▶ _WHAT YOU SHOULD DO_: A word-for-word copy of the listing is what's needed; leave out every image.

▶ _DATASET EXCERPT_:
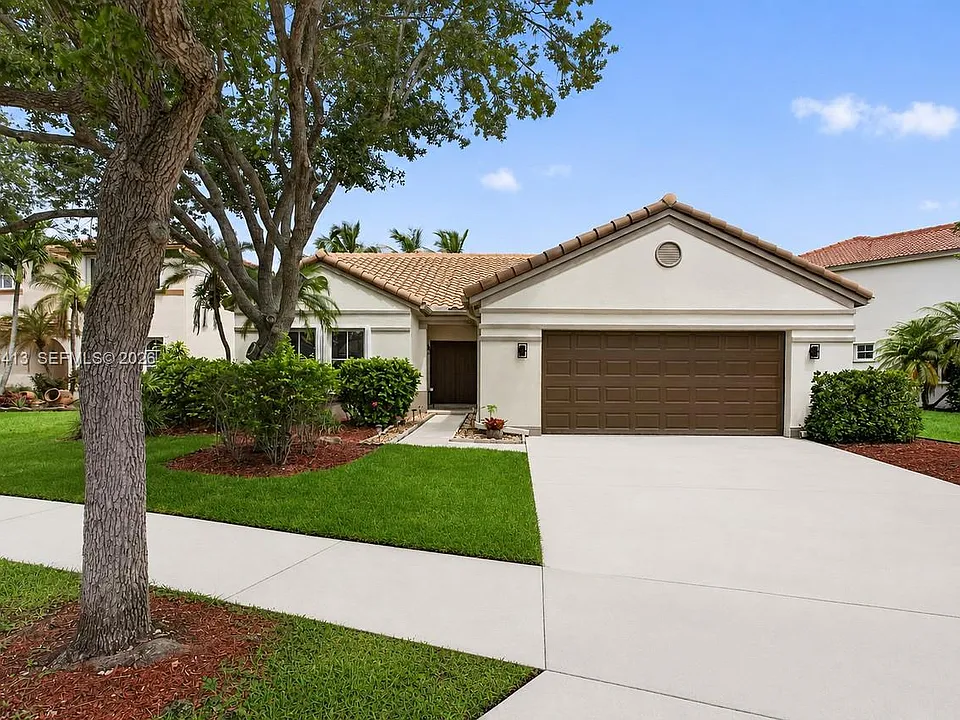 370 Carrington Dr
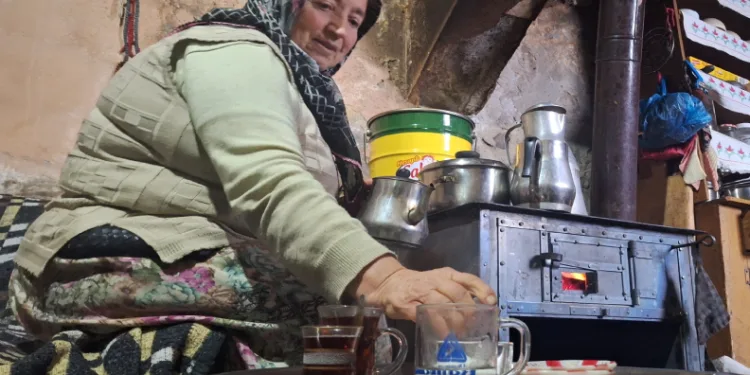 Eşinin vefatıyla baba evine döndü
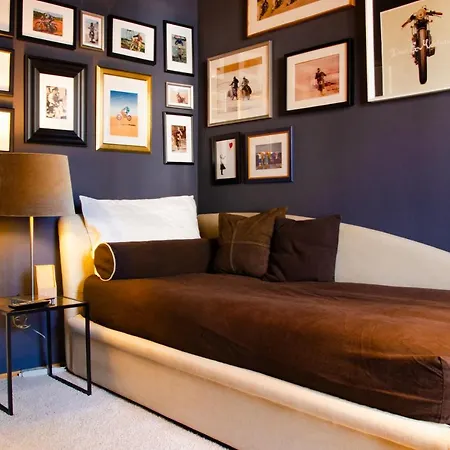 Amore, Tutto Tempo Perso Apartment *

▶ _TASK RESULT_:
 370 Carrington Dr
 Eşinin vefatıyla baba evine döndü
 Amore, Tutto Tempo Perso Apartment *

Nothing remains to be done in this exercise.